FIG. 2 is an exploded view of the specialized tooling of FIG. 1;


FIG. 3 is a partial sectional view showing the tool holder, apparatus tool, and tool locking means of FIG. 1, taken along lines 3--3 of FIG. 1,


FIG. 4a is a sectional view showing positioning of the locking and release tabs for attachment and locking of the bracket sleeve to the handle bracket, taken along lines 4--4 of FIG. 1;


FIG. 4b is a sectional view showing operation of the locking and release tabs for releasing the handle bracket from the bracket sleeve;


FIG. 5 is an end view of the ceiling brush, in accordance with the invention;


FIG. 6 is a back view of the ceiling brush showing the method of attachment of the brush to the brush mounting plate;


FIG. 7 is a bottom view of the ceiling brush showing the brush bristles as extending across the mounting plate;


FIG. 8 is a bottom view of the spreading knife in accordance with the invention;


FIG. 9 is a bottom view of the texture application pad;


FIG. 10 is a side view of the texture application pad of FIG. 9; and


FIG. 11 is a perspective view of an alternate embodiment of the specialized tooling in accordance with the invention. 

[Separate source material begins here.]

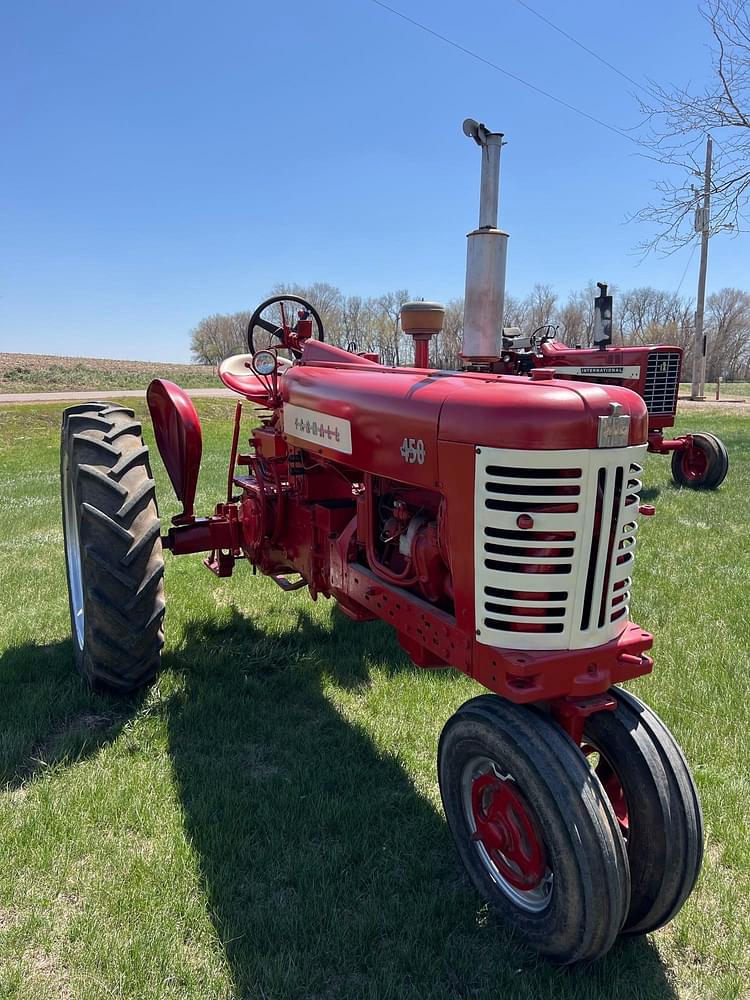 Main image Farmall 450 2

DESCRIPTION OF THE PREFERRED EMBODIMENT


The preferred embodiment of the tooling in accordance with the invention is described while referring to designated figures of the drawings, and relates to specialized tooling for an improved process of applying a textured ceiling and, if
necessary, the removal of an existing acoustical ceiling.  The improved tooling and method of use provides for a faster, cleaner, less expensive and safer process.


Prior to describing the specialized tooling, the method of application of the tooling will be addressed.  When applying a textured ceiling, or especially if removing an existing acoustical ceiling, best results are realized when the work area is
first sufficiently isolated to protect surrounding areas, as described below, to insure a clean process with minimum escape of ceiling material, moisture, dust, etc.

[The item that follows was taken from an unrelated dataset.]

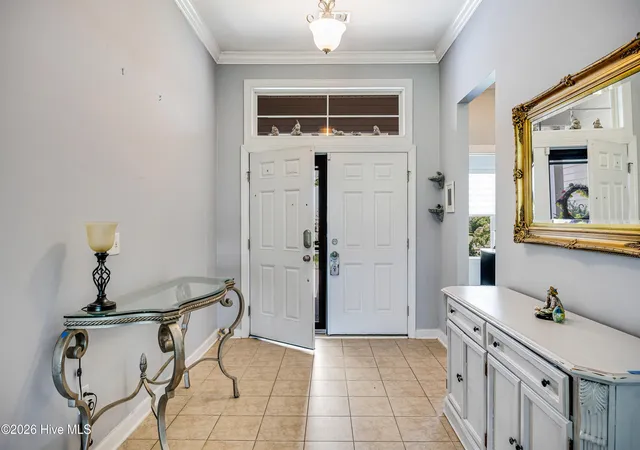 Photo 4 of Single family home for sale at 5019 Pierhead Ct, Southport, NC 28461 | MLS# 100603300 | Listing updated on 2026-09-16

When applying a textured ceiling, and after the work area is isolated from surrounding areas, the ceiling is brushed, or swept, clean with ceiling brush 16 (See FIGS. 5-7).  Then, spreading knife 17 (See FIG. 8) is used to apply thin amounts of
drywall "mud" to cover all ceiling tape joints and other flaws.  Texture application pad 18 (See FIG. 9) is then used to apply a texture coating coat of drywall "mud" to the ceiling.  In this step, pad 18 is dipped into a container of "mud" of desired
consistency and then pressed firmly against the properly scraped and swept ceiling.  Spreading knife 17 is then used as necessary to finish the applied texture.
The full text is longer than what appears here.